I understand the temptation to methodically, if not a bit neurotically, follow a recipe. When I first began cooking, recipes were the only way that I could get good results (and even those attempts didn’t always turn out). After a while, however, I got a feel for how to season and how to taste. For me, cooking is about being flexible and attentive – not about precision. I love that I have the freedom to choose exactly what ingredients and flavors to use. Not only is this my main creative outlet, but it’s a nice feeling knowing that I have full power over my meals. Must be some sort of control thing.
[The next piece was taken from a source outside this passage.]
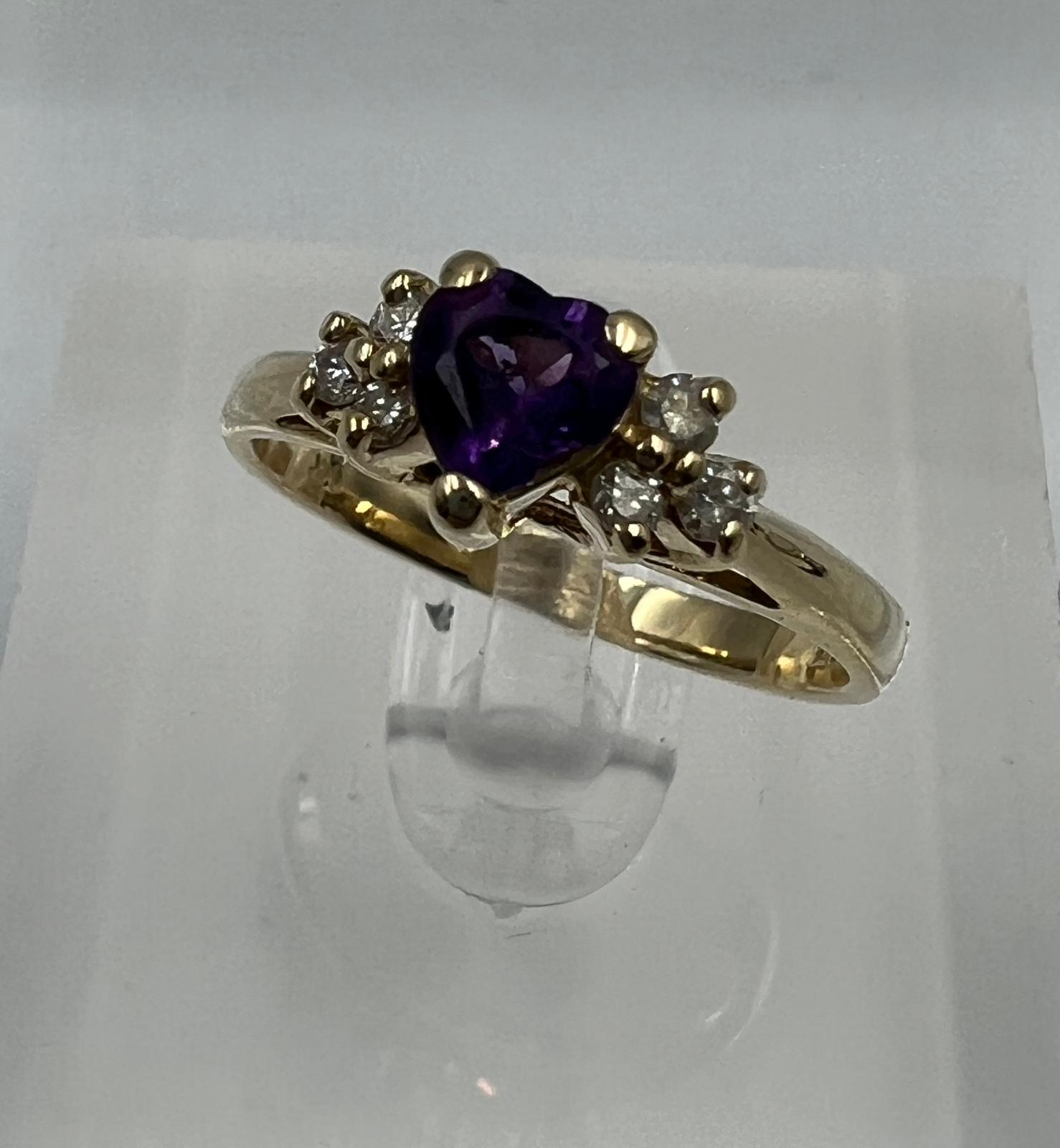 A 14ct gold amethyst and diamond shoulders with a heart shaped central stone on a 14ct yellow gold - Image 5 of 7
My usual method when trying out new recipes/techniques is as follows: idea pops into head. Become obsessed with idea. Go through at least two pages of Google reading up on other people’s methods for idea. Formulate my own hodgepodge method based on my tastes and preferences. Attempt idea. Modify idea. Write down everything.
Rarely do I measure when I’m developing recipes, and I think that’s because I find strict measurements confining.
What a joy it was to find, then, that curing salmon was basically my culinary philosophy condensed into one terribly easy and modifiable “recipe.” I’m not sure whether to label this lox, or gravlax due to my addition of dill. I’m tempted to call it salmon with whatever the hell you want, because other than salt and sugar, you can really use whatever the hell you want. I added lime zest because salmon + citrus = heaven, but can you imagine how good this would be with sweeter orange zest? The black peppercorns make it a little spicy, and the dill gives the salmon that sweet, kind of bitter “umph” you sometimes need in life. My salt-sugar ratio is a good starting point for a fairly one-note saltiness, but if you like your lox sweeter, go ahead and up the sugar to ¼ cup.
I’m rambling. Here’s my rough recipe for cured salmon. Modify it to your heart’s whim, you creative person, you.
Homemade Lox (Cured Salmon)
1 ½ lb. salmon filet
¼ cup kosher salt
3 tablespoon sugar
1 cup minced fresh dill
Zest of one lime
1 tablespoon crushed black peppercorns
Sprinkle both sides of the salmon with the salt, sugar, dill, zest, and peppercorns on both sides in a non-reactive container (e.g. glass, plastic, ceramic). Try to coat each side evenly. Cover with plastic wrap, and refrigerate.
Cure for 24-36 hours, depending on how salty you’d like it. Rinse or soak briefly in water and then dry on paper towel. Cut the gravlax into very thin slices and serve as part of a killer breakfast spread. You can make sandwiches with bagels and cream cheese, add to scrambled eggs, benedict it, or if you’re feeling it, just eat it as is.